Inspector general audit details hiring, ethics abuses at MWAA

By Lori Aratani,November 01, 2012
(Page 2 of 2)

The report also found abuses in the authority’s student intern program, which was used to put non-students on the payroll, bypassing standard hiring procedures.

Williams announced on Wednesday that he was resigning, effective Nov. 16. He did not respond to a request for comment on Thursday. Williams was not the only staff member auditors faulted.

The inspector general’s office also found that the authority’s vice president for information and telecommunications systems, George R. Ellis, and members of his staff accepted more than 25 free trips from a company with a major contract with the MWAA. Among the gifts accepted were tickets and accommodations to the 2009 Super Bowl, valued at almost $5,000. In total, members of Ellis’s department accepted 46 gifts with a total value of at least $12,000.
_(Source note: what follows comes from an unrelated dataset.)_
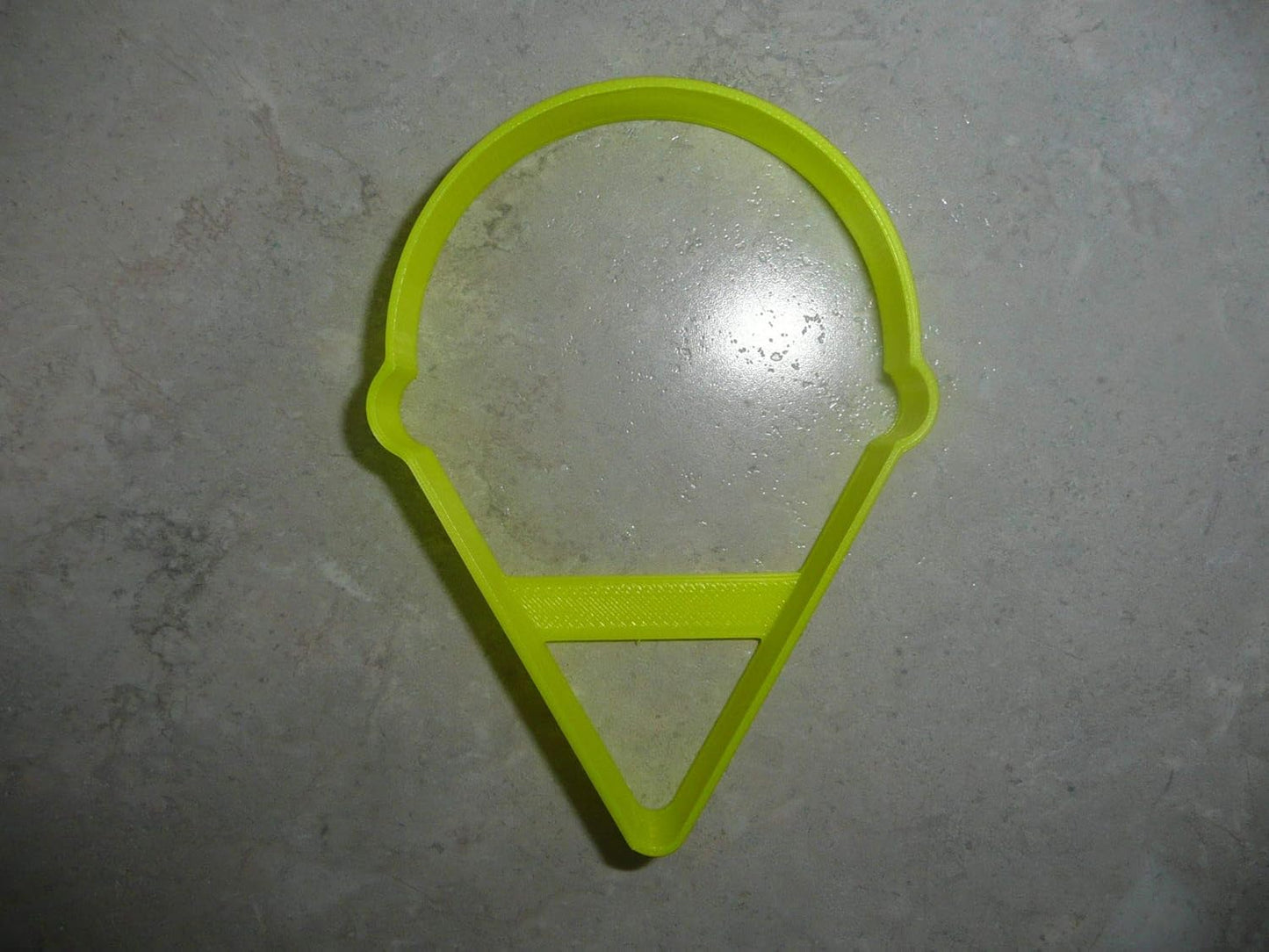 SNOW CONE OUTLINE COOKIE CUTTER for Shaved Ice Frozen Dessert Summer Treat, Made in USA PR3766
Ellis was terminated, according to the inspector general’s report. It is unclear whether the other employees were disciplined. Ellis did not respond to requests for comment. Recently, he had accepted a job as chief information officer for Albany, N.Y., but a spokesman said that after learning Thursday about the inspector general’s report, the city may reconsider its offer.
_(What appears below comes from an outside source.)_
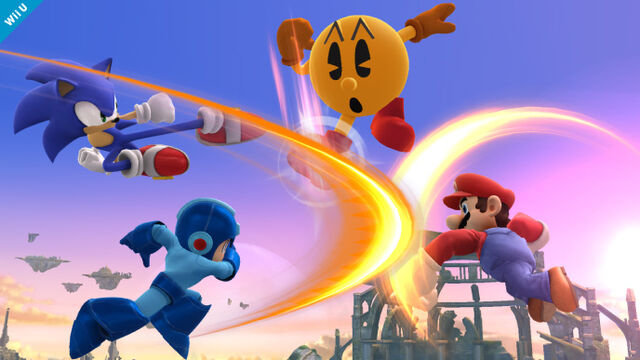 File:Sonic attacking pac man.jpg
Investigators also found significant weaknesses in the way the MWAA awards and manages contracts — an issue highlighted in an interim report in May.
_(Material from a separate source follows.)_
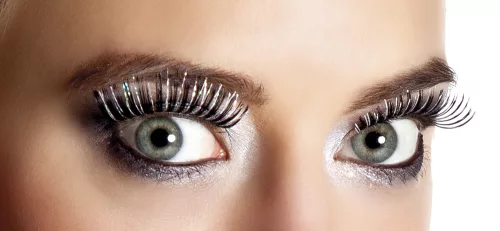 Photo du produit Faux cils noirs et argents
“MWAA Board members and senior officials set the tone for a lax internal control culture by engaging in questionable contracting practices,” the report says.

From 2009 to 2011, the MWAA awarded two-thirds of its contracts with less than full and open competition. Those included $6 million in sole-source contracts in which board approval was required but not secured — a violation of its lease agreement with the federal government.

In at least 17 instances, contracts were approved after the contractor had started work. In one example, the authority paid a contractor $572 an hour to attend a five-hour board meeting, during which the board voted to approve the selection of the contractor.